Sidekick Data Restoration Has Started, Microsoft Says. Barry Levine. NewsFactor. October 20, 2009.
Danger, a Microsoft subsidiary using ‘cloud computing’, experienced a system problem that erased all the users' contacts, calendar entries, to-do lists, and photos for those using the Sidekick smart-phone. Much of the data may be eventually recovered, but effective data backup and protection measures were not being followed. It shows the importance of using reliable vendors and have data backups. [This is the first major loss of ‘cloud – data’ that I know of.]
Millennial disc guarantees data preservation. Logan Bradford. Daily Universe. September 15, 2009.

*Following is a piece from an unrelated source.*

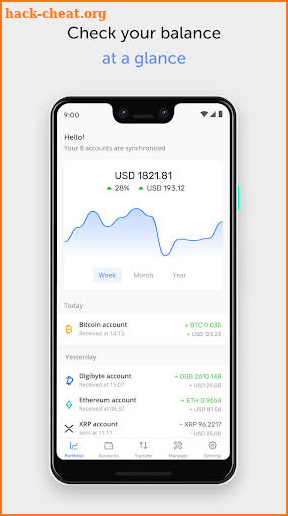 Ledger App screenshot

Barry Lunt, a BYU information technologies professor, will launch a product with the company, Millenniata, that produces a disc just like a CD or DVD that will last up to 1,000 years. He learned, through his seven years working for IBM in computer data, that data on CDs and DVDs would decay and be lost over just a few years because of optical discs’ ephemeral qualities, such as when they are exposed to sunlight and humidity. [We have been testing these discs and writers.]
Wellcome Library to use JPEG2000 image format. Library blog. September 18, 2009
The Wellcome library in London has been using TIFF images as their archival storage format. But, anticipating adding over 30 million images, they wanted to find a way to efficiently store the digital content but still maintain high levels of quality and open standards required for long-term preservation. To do this they have chosen to use the JPEG2000 format in its digitization program. But the difficulty is that the JPEG2000 format has multiple versions. They wanted to know which version is best for long-term storage and access, so they commissioned a study by Kings College: JPEG 2000 as a Preservation and Access Format for the Wellcome Trust Digital Library. Robert Buckley, Simon Tanner.
Based on the study will adopt a "visually lossless" lossy compression to gain at least 75% storage savings in comparison to a TIFF version. “The recommended compression parameters will produce an image with no visible difference in image quality, but the compression is irreversible - i.e. the original bit stream will not be possible to reconstruct. As the Library will be digitising physical items that can (if necessary) be re-digitised, it was considered an acceptable compromise.” Some materials may be candidates for JPEG2000 lossless compression. They are also recommending that “JPEG 2000 be used with multiple resolution levels.”
The Swedish Research Council requires free access to research results. Press release. October 8, 2009.
Researchers granted funds by the Research Council should publish their scientific research in publications that are available according to Open Access guidelines within a maximum period of six months. "We consider that publication of research which has been paid for out of public funds should be made freely accessible to all." The Open-Access rules apply so far only to scientifically assessed texts in journals and conference reports, and not to monographs and chapters of books.
Sound archive of the British Library goes online, free of charge. Mark Brown. The Guardian News. 3 September 2009.
The British Library has made its archive of world and traditional music freely available on the internet. The Archival Sound Recordings archive contains about 28,000 recordings, estimated at 2,000 hours of sound. These recordings are from around the world and the oldest are from wax cylinders made in 1898. The Library wants to change the perception that “things are given to libraries and then are never seen again – we want these recordings to be accessible."
Keeping Research Data Safe2: Data Survey added to project website. Neil Beagrie. Blog. 26 Sep 2009.
Information about the project and link to the website. The project is to identify long-lived datasets for the purpose of cost analysis will be ending soon. It refers to the previous project. In the activity model it mentions it will look at the development of an archive’s selection policy, also staff training and development. One area of concern was of OAIS terminology potentially being a barrier to understanding for some user groups.